Being accused of sexual harassment is always a terrifying situation to find yourself involved in. Emotions are running high, and it’s tempting to react instead of respond when you’re questioned or verbally attacked.
The difference between the two terms is that when you react, you let your emotions control what you say and do. You usually end up regretting impulsive reactions later. Responses, on the other hand, are controlled, composed, and emotionally regulated.
If you’re facing a sexual harassment allegation, it’s crucial that you keep your emotions tightly reined. Otherwise, your reactions could end up hurting your case in the long run. Find yourself sex crimes attorneys you trust, and in the meantime, do not do these three things.
1. Don’t Reach Out to the Other Party
You’re going to have a lot of confusion, fear, and anger rolling through your mind, especially if the accusation is false or your actions were misinterpreted.
Chances are, you’ll want to reach out and question the accusing party or their family and friends. Do not do this. Not only can they use what you say against you, and twist it if necessary, but it can come back on you as an intended attack.
Whether you have a restraining order in place or not, stay away from contacting anyone you know that knows your accuser. This includes both written and verbal text, as well as third-party messages.
Rumors fly, and if you can prove that you had no communication with the instigators, their lies won’t hold ground.
2. Always Listen to Your Attorney
You might think you know best, and in many cases, you do. However, in this situation, let your lawyer dictate your moves.

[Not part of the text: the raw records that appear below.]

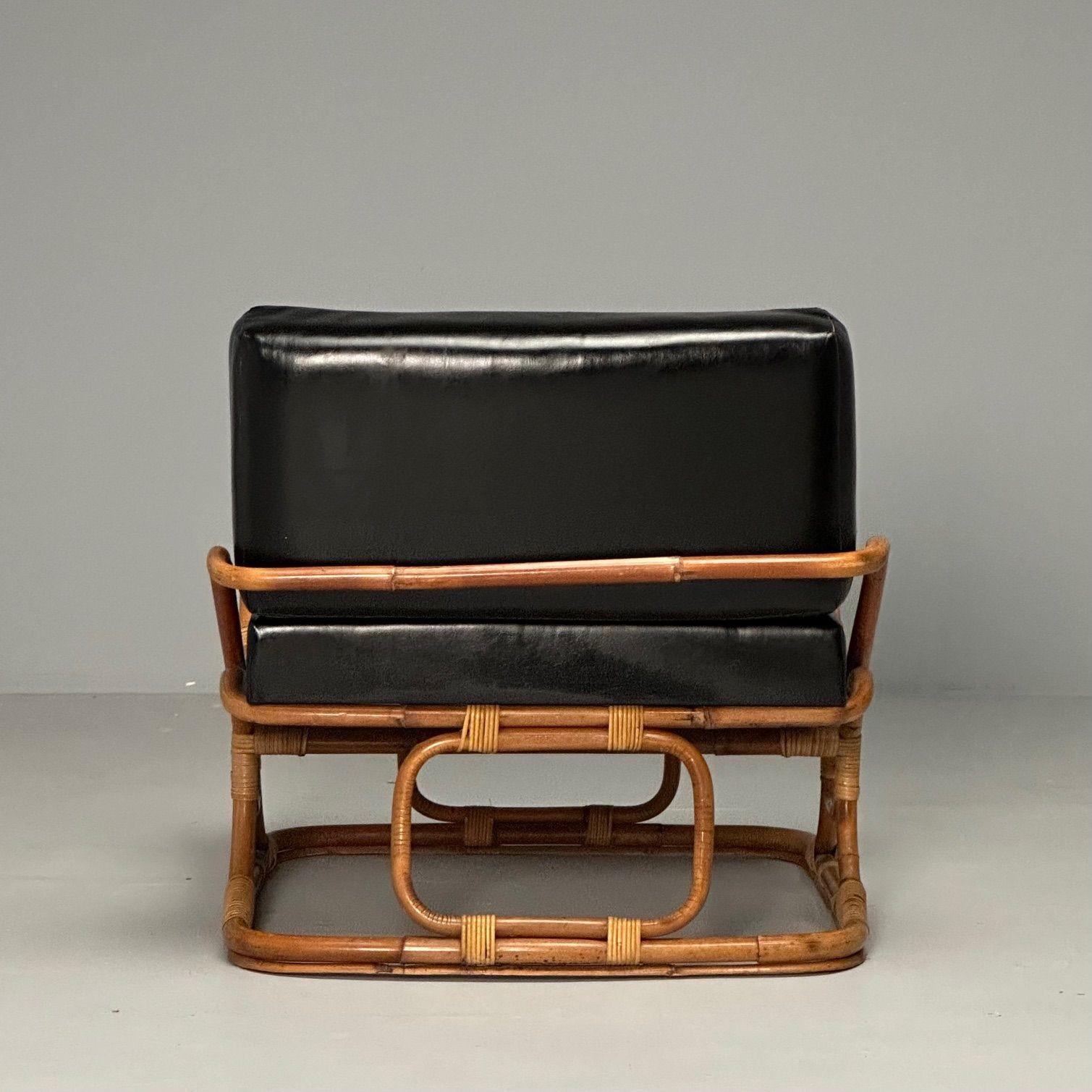 ISA Ponte San Pietro, Italian Mid-Century Modern, Armchair, Ottoman, Rattan For Sale 3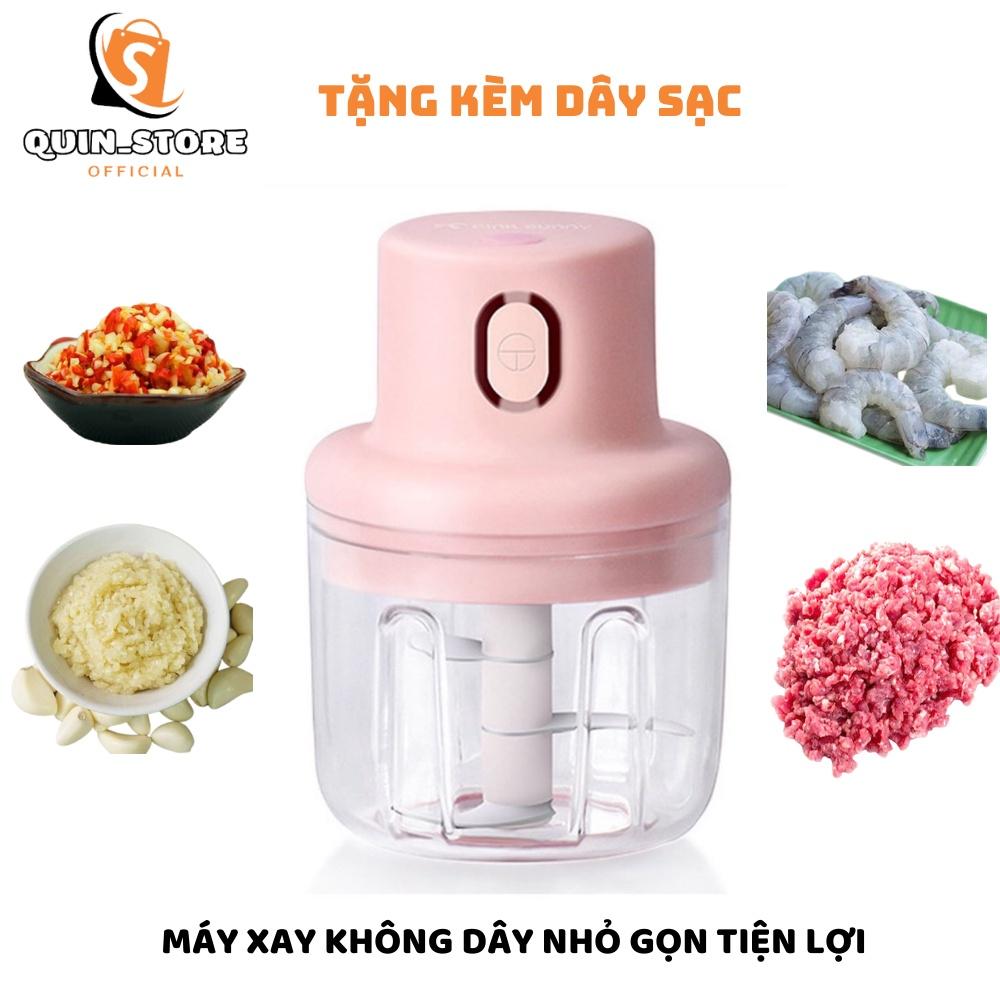 Máy Xay Mini Sạc Điện, Xay Thịt Ớt Hành Tỏi Rau Củ Quả Cầm Tay Siêu Tiện Lợi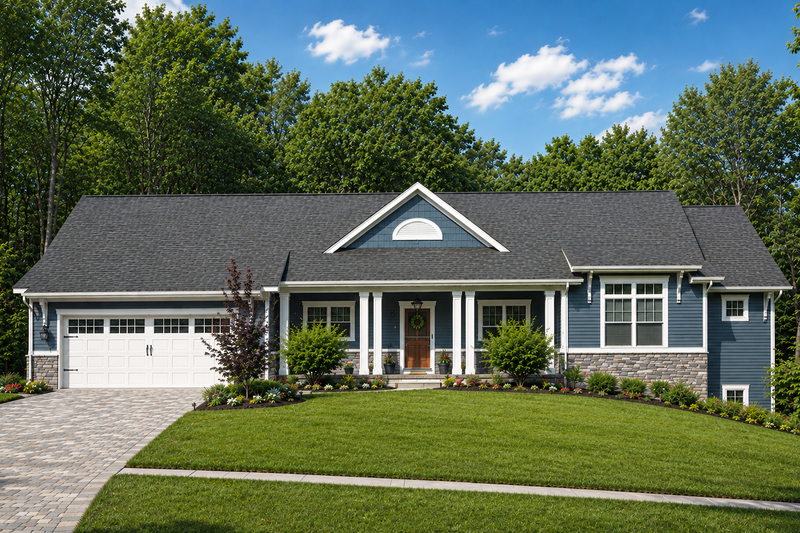 Architectural House Design - Exterior - Front Elevation 2 for Craftsman House Plan #928-142 - 2 bed, 2.5 bath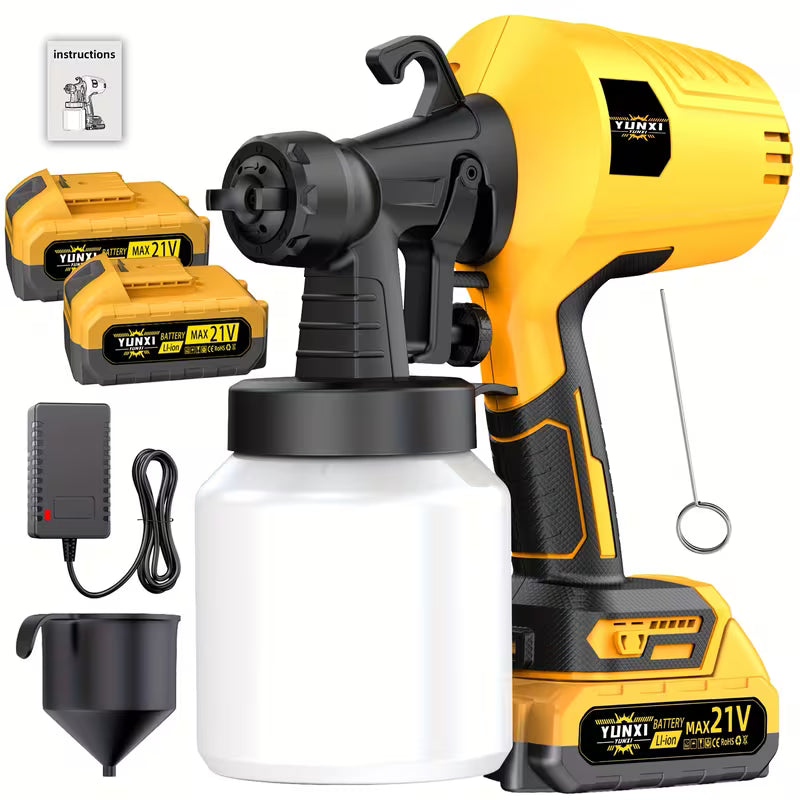High Voltage Electric Airless Spray Gun HVLP Spray Gun, Multiple Spray Modes, 27.05 Ounce Capacity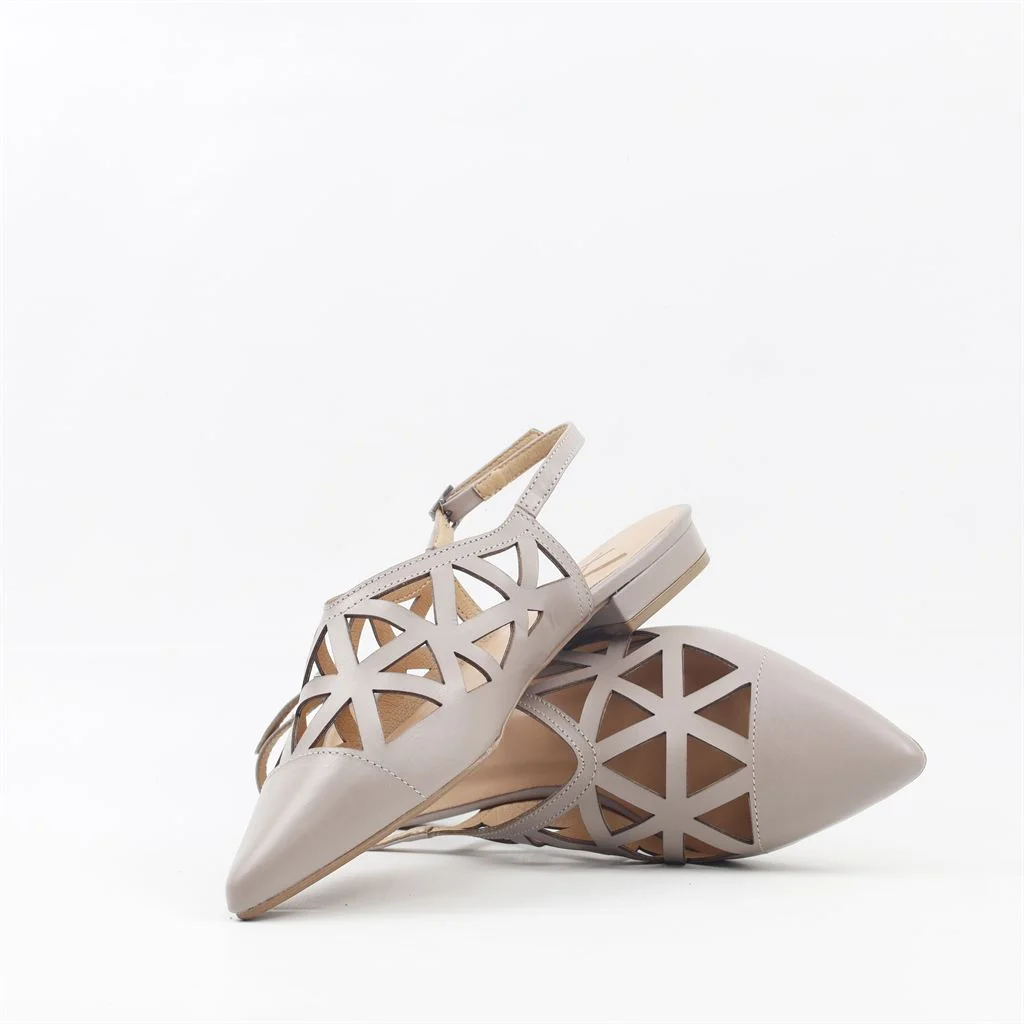Sapatilha Slingback Recortes Caqui 2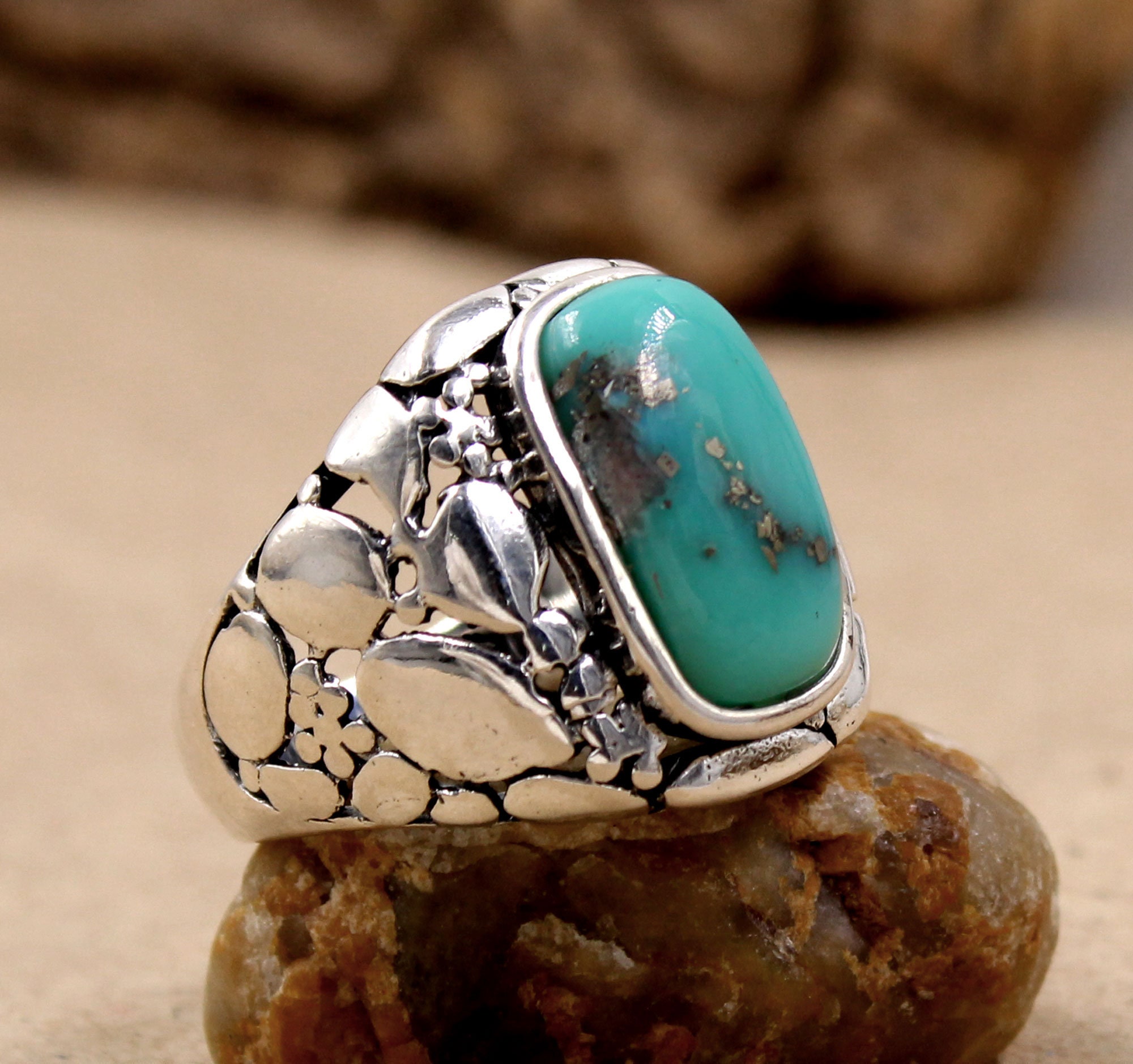 Handmade American Turquoise Ring: Wide Band Sterling Silver - Etsy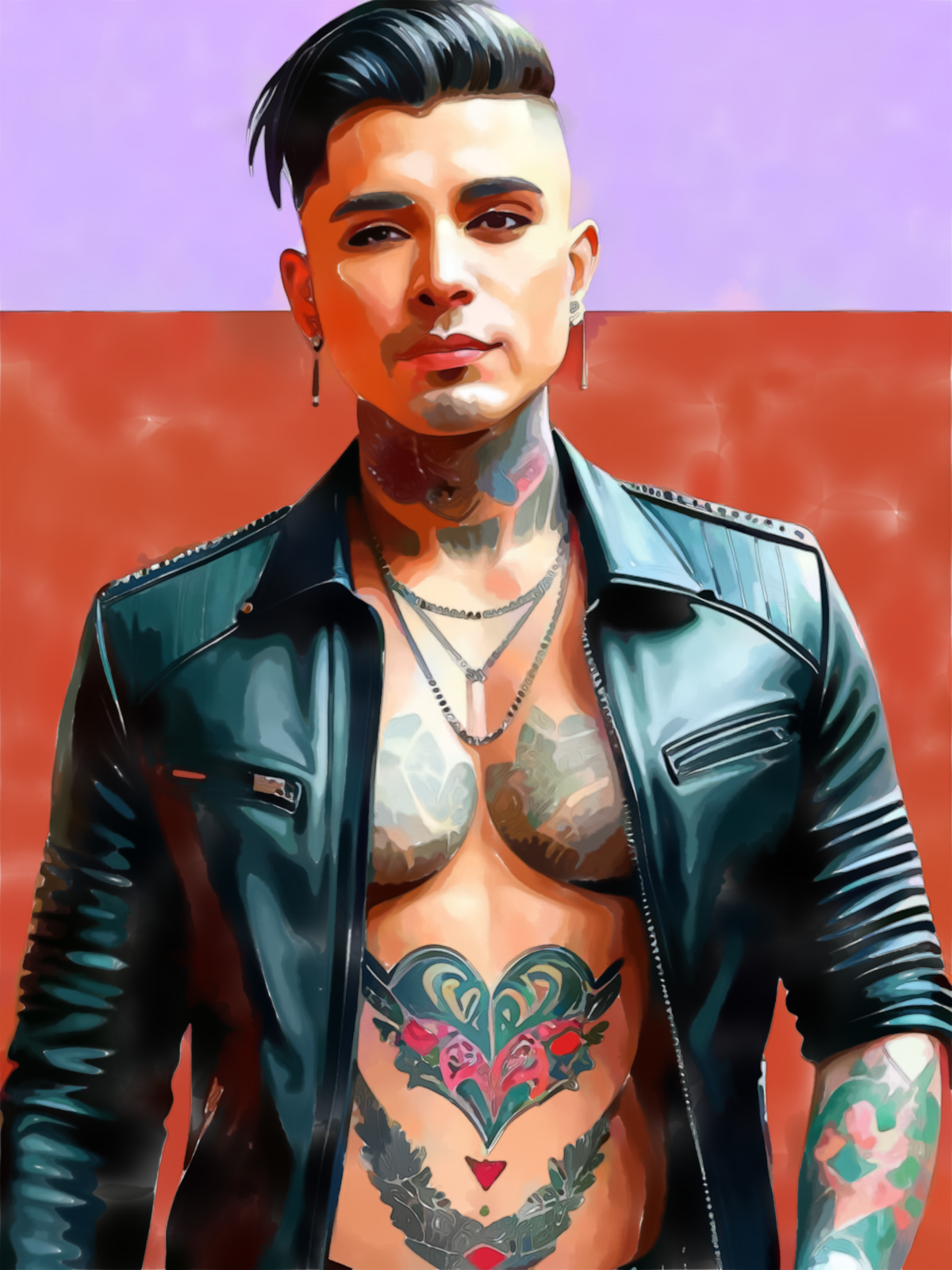 Gay Art Wandbild: Männerporträt mit offener schwarzer Lederjacke, Herz-Tattoo auf dem Bauch und silbernem Schmuck. Leuchtendes Violett und Rotorange rahmen das Gesicht in einer plakativen, malerischen Bildsprache.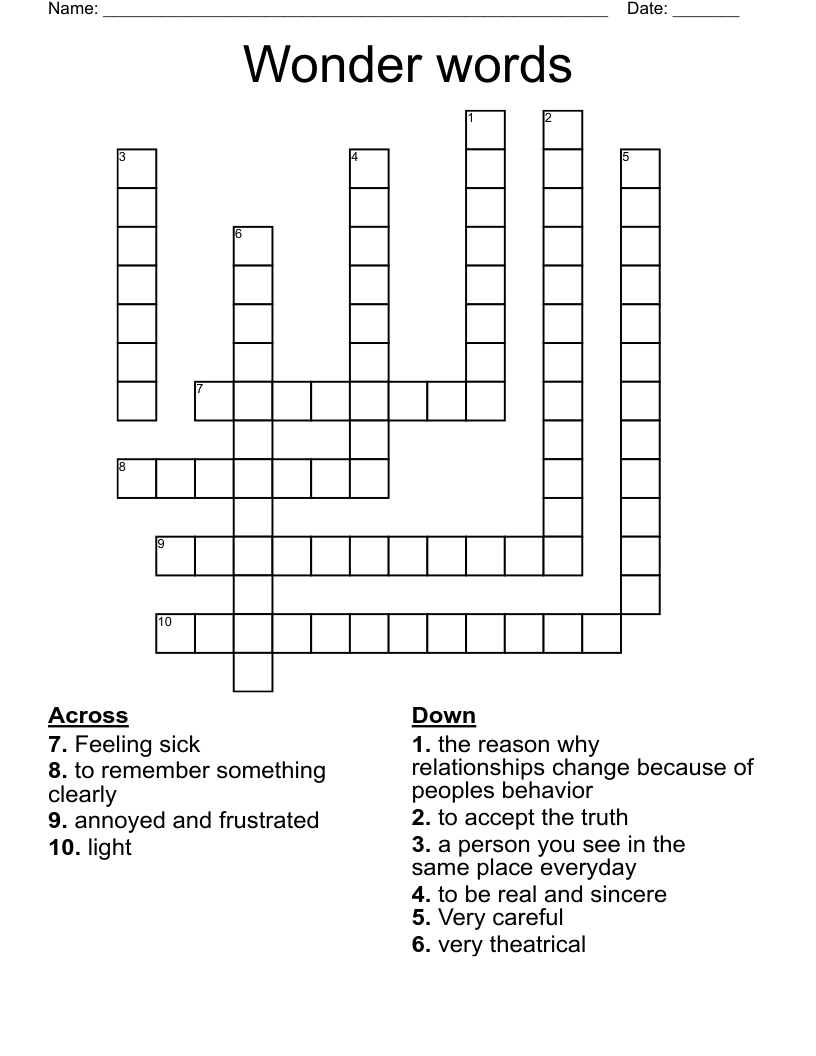 Wonder Words Crossword WordMint Wonder Words Crossword WordMint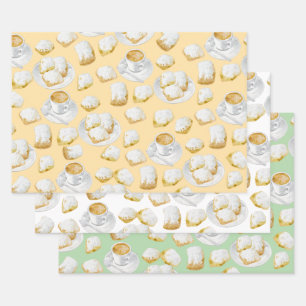 Beignets en koffie inpakpapier vel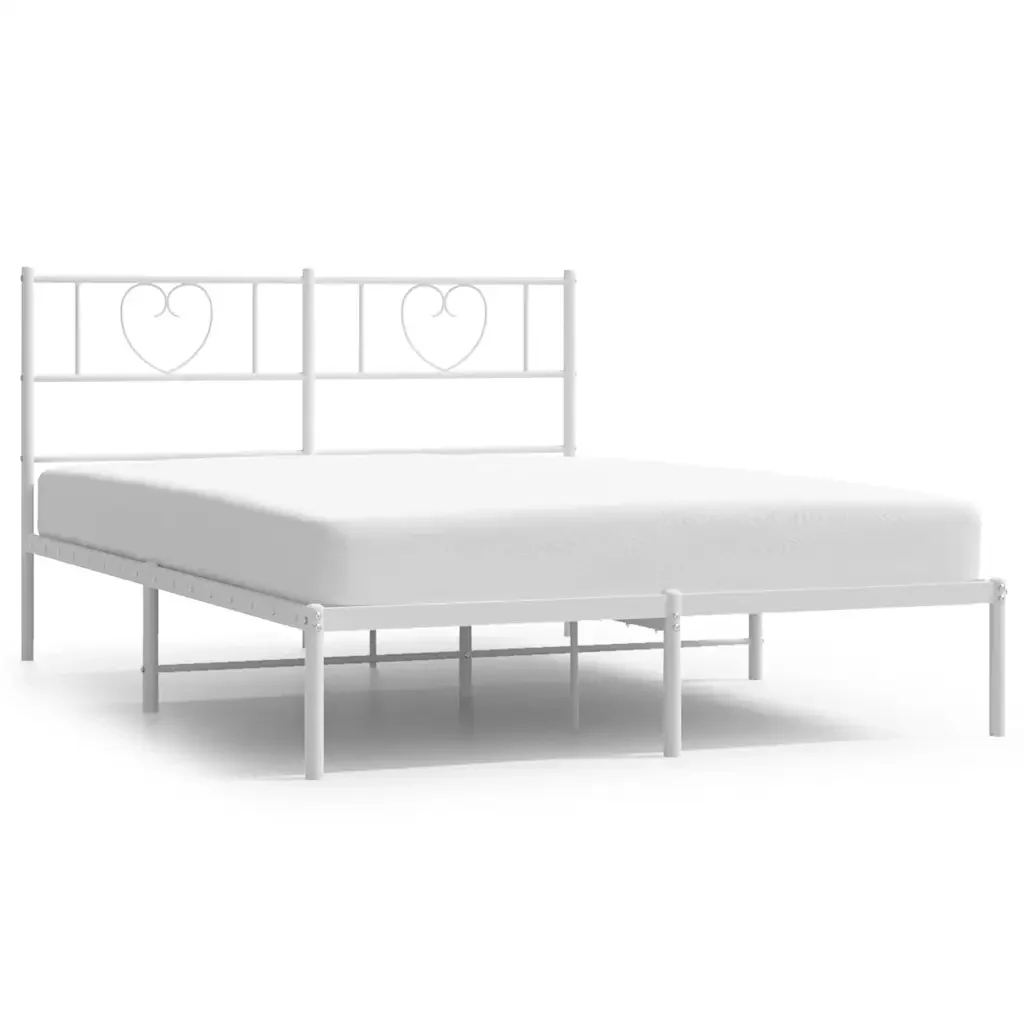 Letto matrimoniale | Letto per adulti | Giroletto con Testiera Metallo Bianco 150x200 cm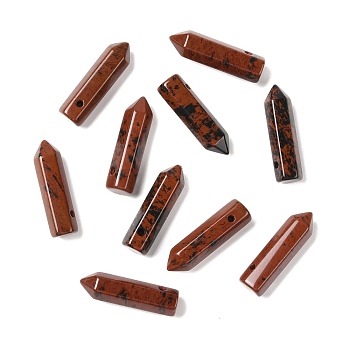 Synthetic Mahogany Obsidian  Pointed Pendants, Faceted, Bullet, 30~33x8~9mm, Hole: 1.4~1.6mm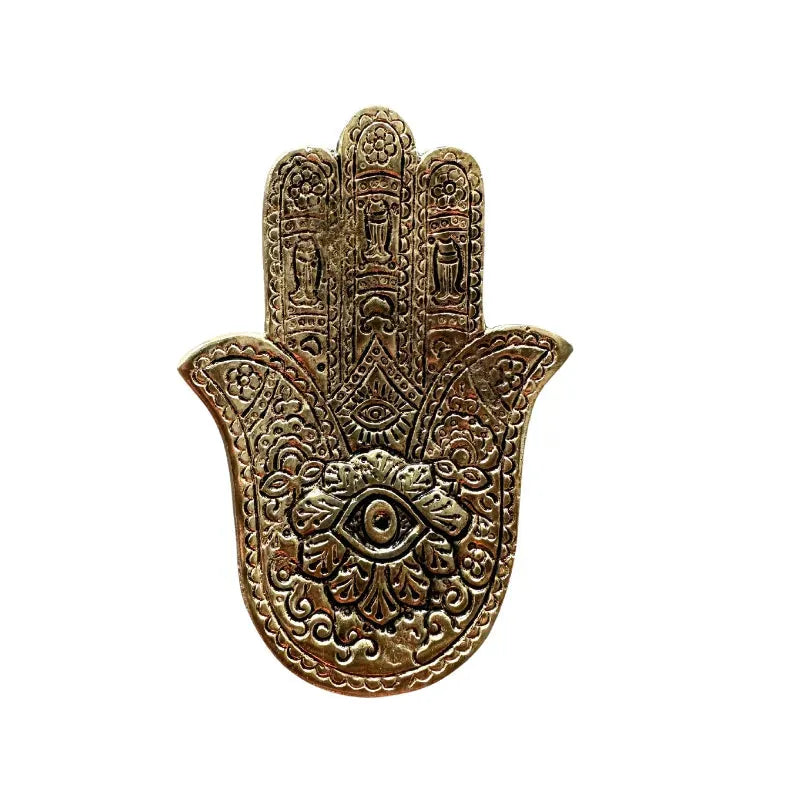 Golden Hand Shaped Metal Incense Stick Holder-Global Food Hub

Never talk to anyone in an official capacity, such as the other party’s attorney or a police officer, without your legal representative present.
Your lawyer knows all the tricks they will try to play to get you to think they’re on your side. They will step in and stop them from trapping you in your own words.
3. Stick to Yourself
Having a support system is great. Find those few people you trust with your lives, and let them keep you distracted.
But don’t go on social media and talk about the case at all. Don’t try to defend yourself or smear the other person’s reputation. It’s best not to post anything at all in case the other party’s attorneys can use the post against you. Even private messaging, such as text or Facebook Messenger, isn’t a safe way to communicate.
If you have to talk to someone about the circumstances in the case, do so with your attorney present. This includes family and friends. Never put anything in writing that you wouldn’t want the wrong person to see.
Trust your attorney to have your interests at heart. They’ll know the defense to use that is most likely to get you the best verdict possible, and how to mount your case to get to that point.
Make it a general rule not to talk about the case to anyone unless it’s your lawyer or they are with you. You’ll get through this time smoothest if you learn how to stay silent when you can, and respond instead of react when you can’t.